Yes, I find this a bad book.


"The novel won the 2001 National Book Award for Fiction and the 2002 James Tait Black Memorial Prize, was nominated for the 2001 National Book Critics Circle Award for Fiction and the 2002 PEN/Faulkner Award, and was shortlisted for the 2003 International IMPAC Dublin Literary Award. 
In 2005, The Corrections was included in Time magazine's list of the 100 best English-language novels.  
In 2006, Bret Easton Ellis declared the novel "one of the three great books of my generation." 
In 2009, website The Millions polled 48 writers, critics, and editors, including Joshua Ferris, Sam Anderson, and Lorin Stein.  The panel voted The Corrections the best novel of the first decade of the millennium "by a landslide"."
Wikipedia: The Corrections

Franzen himself was "ambivalent at his novel having been chosen by the club due to its inevitable association with the "schmaltzy" books selected in the past." You know, like Nobel Prize winners and other exaggeratingly sentimental, greasy books.

Jonathan likes words.
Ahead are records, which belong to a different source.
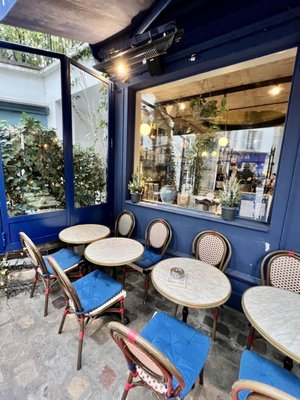 Le Moulin de la Galette by null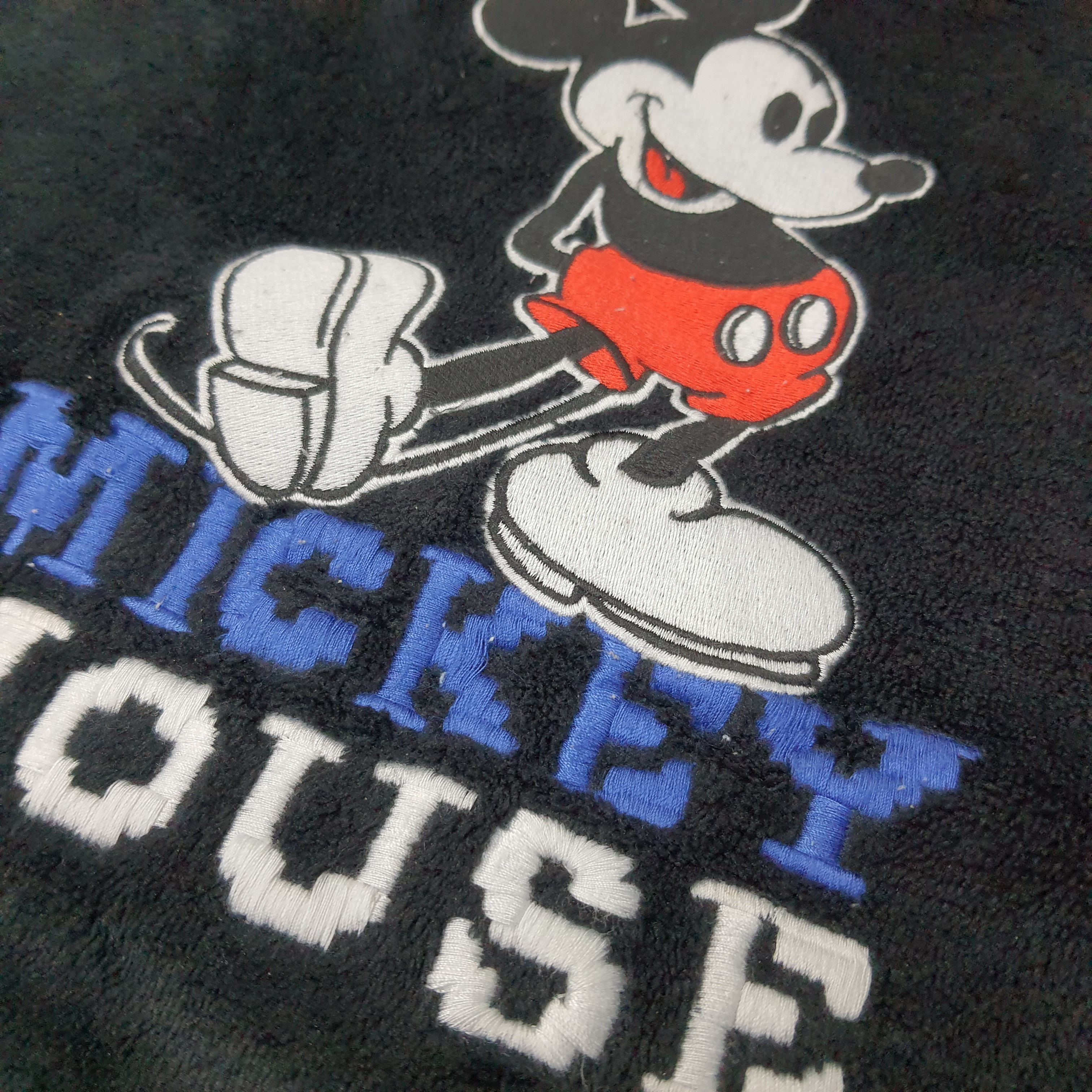 GU Vintage GU Disney Mickey Mouse Sweatshirt C261N20 Size US M / EU 48-50 / 2 - 2 Thumbnail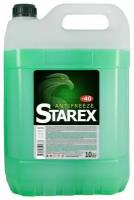 Антифриз Starex Green зеленый G11 10 кг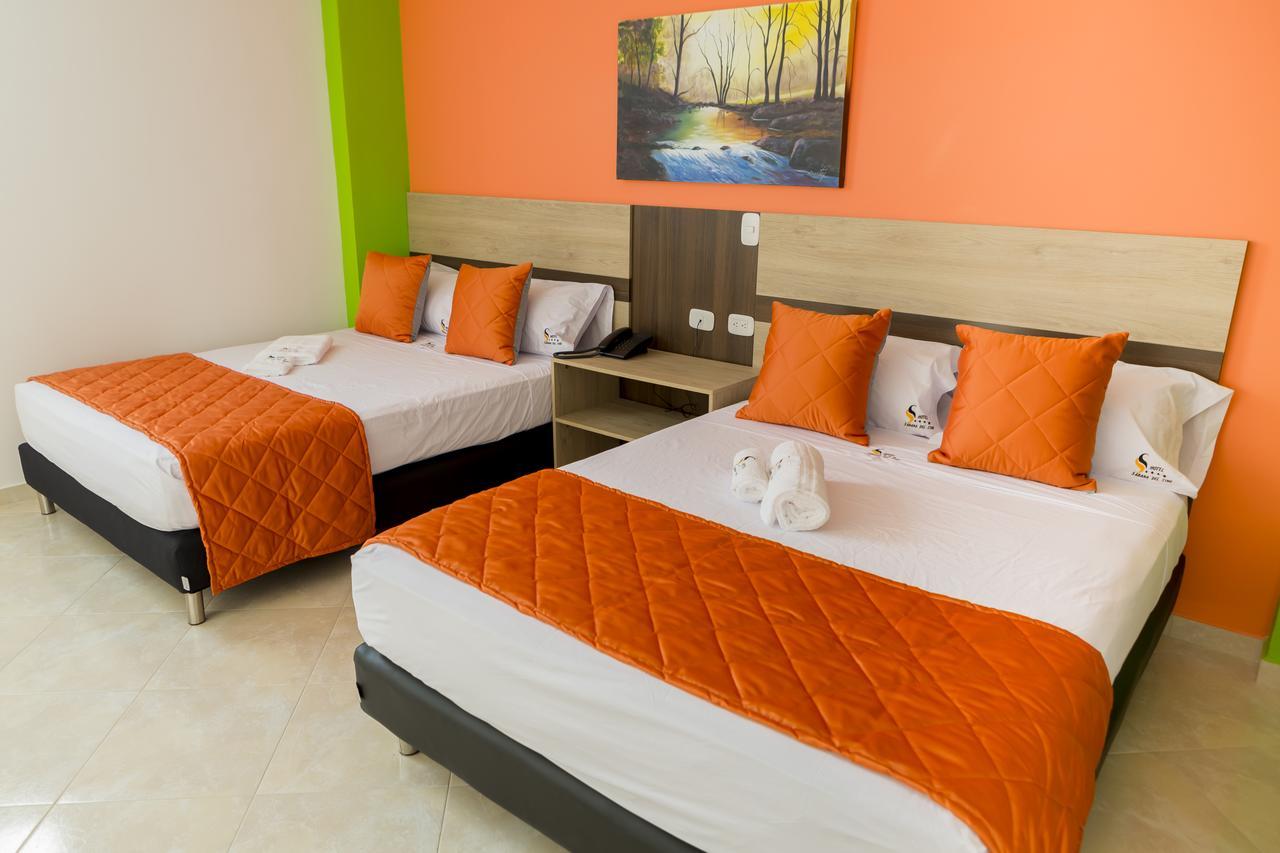 Hotel Sabana Del Sinu By Geh Suites Montería Esterno foto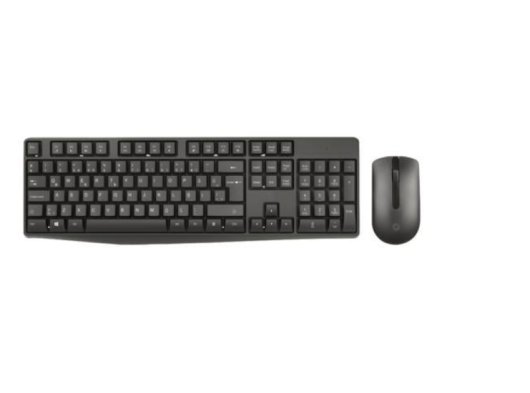 Frisby FK-4875QU Kablosuz Multimedya Siyah Q Klavye + Mouse Set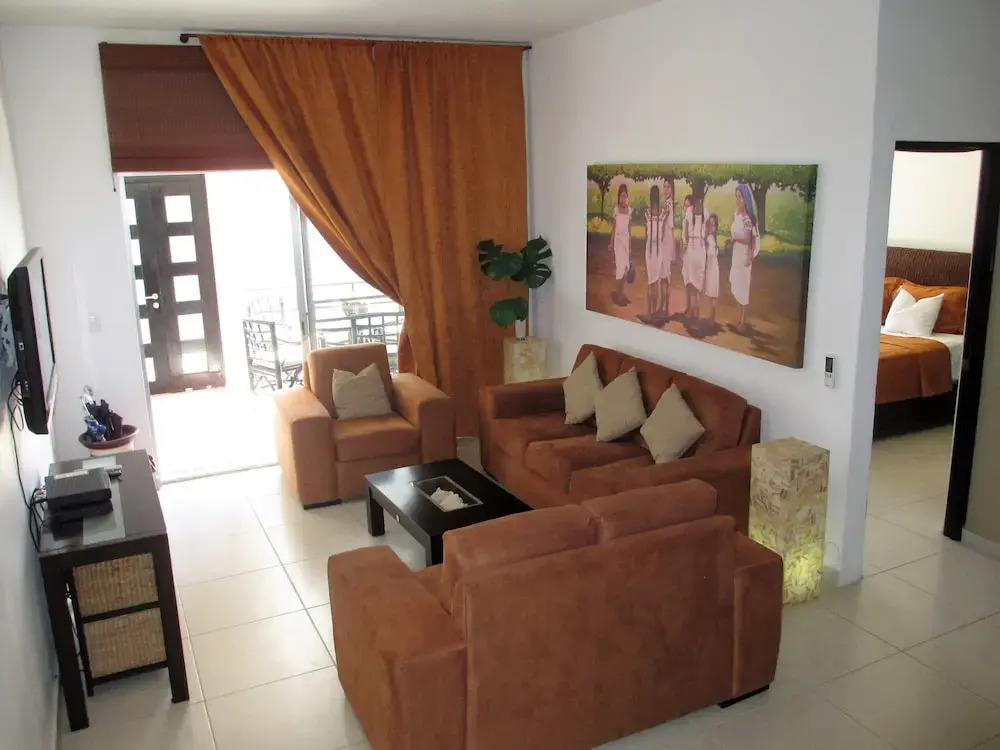Mayan Luxury Penthouse by SunandSea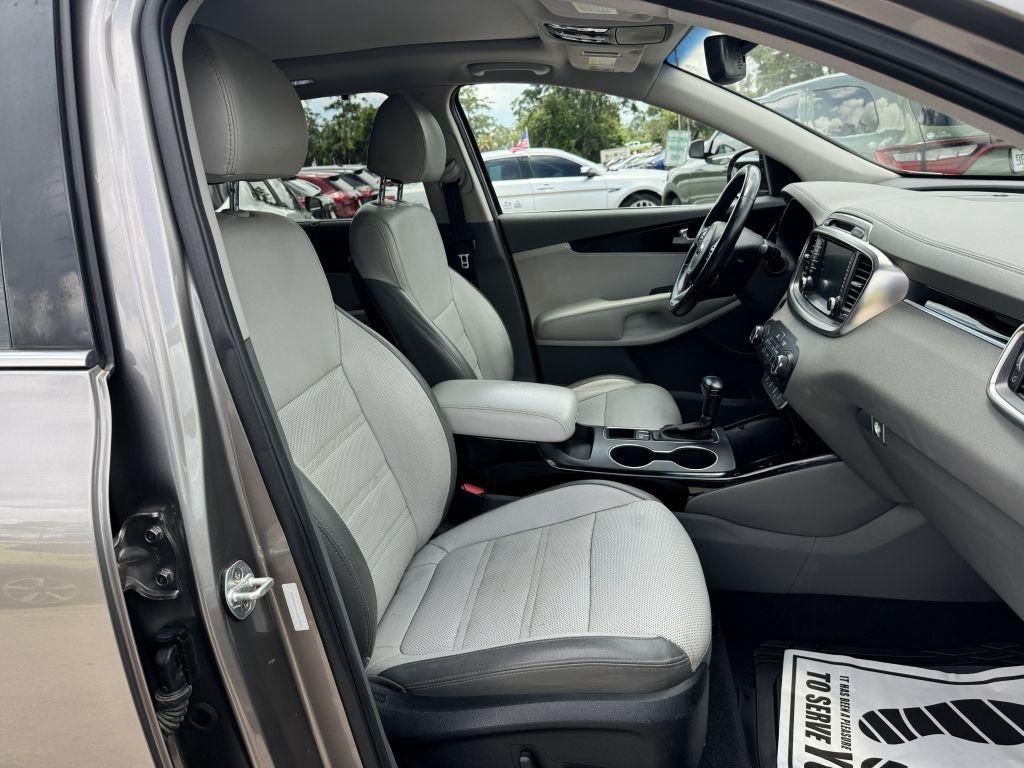 Kia Sorento  2018
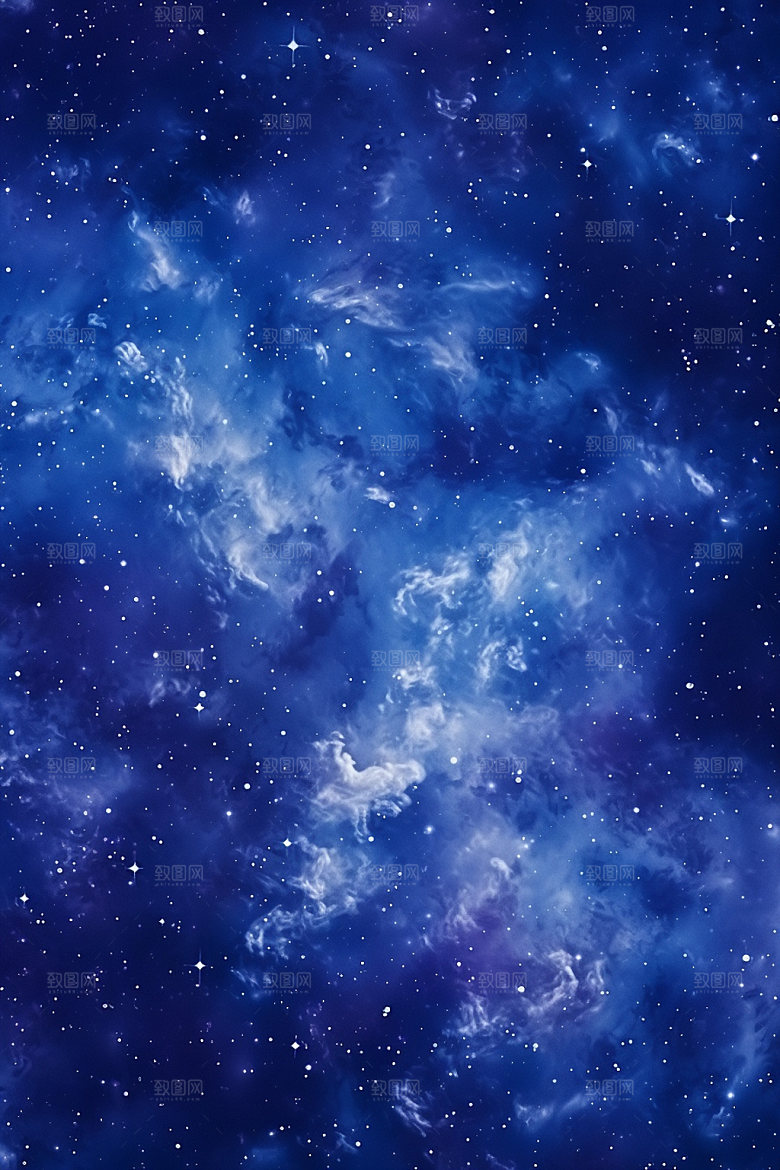 宇宙星空天空未来素材
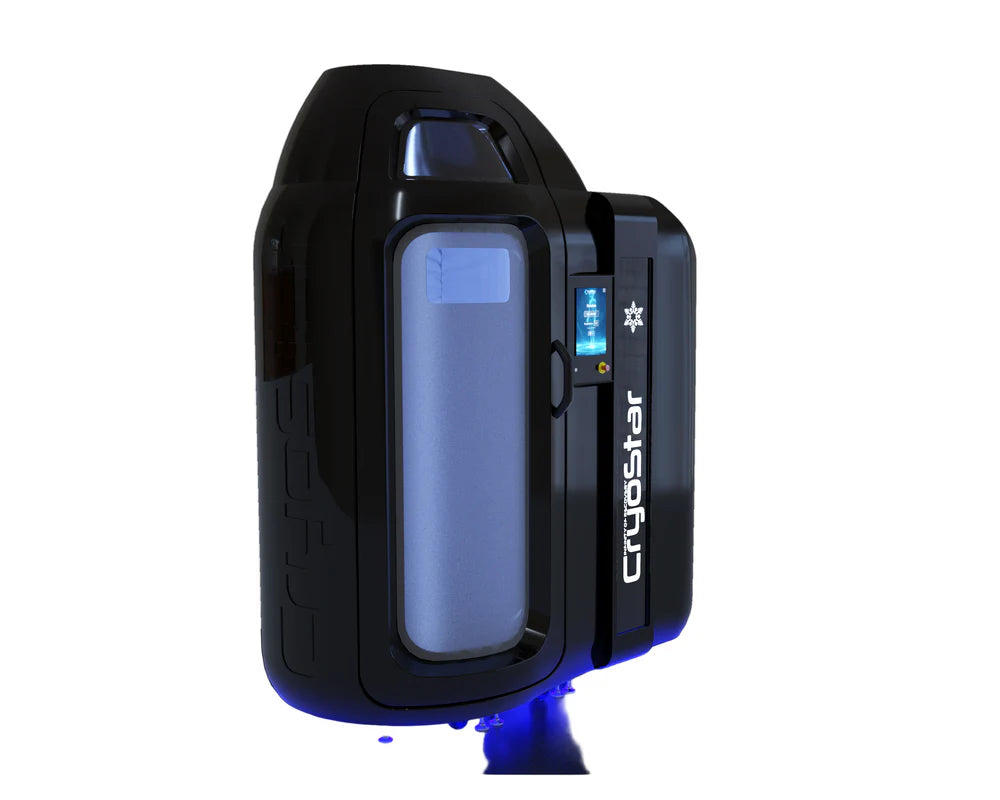 Antarctica Whole Body Chamber Nitrogen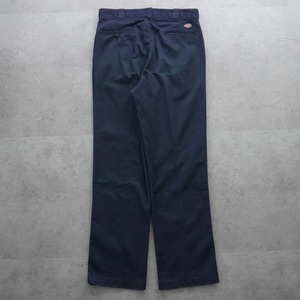 90s Dickies 874 work pants ”made in USA”  [W33L31相当] 古着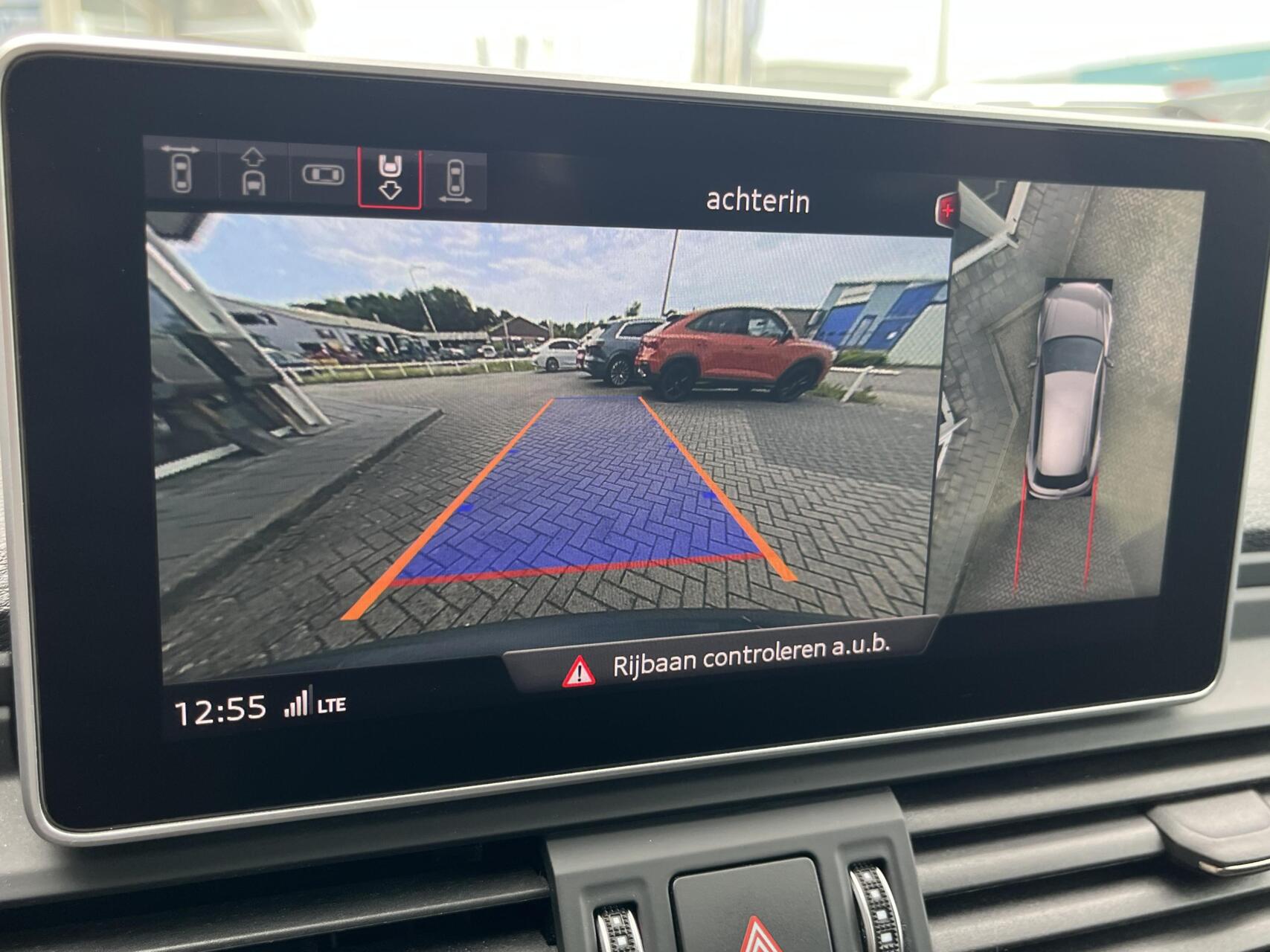 Foto van Audi Q5 55 TFSI E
The longer and more unusual, the better. In the first 70 pages I met four or five I've never even heard before. Like crepuscular and corpuscular.

He also likes grains.
"...not a pure tone but a granular sequence of percussions..."
"...as of the graininess of the high-speed film..."
Twice in the first 11 pages. 

He also uses a LOT of italics.

He uses way too many words to say practically nothing, but makes it LOOK very impressive and important.

I don't like any of the people I have met so far. I am not the least interested on how it goes for any of them. Let them rot and get involved in sex scandals and embarrass themselves, who cares!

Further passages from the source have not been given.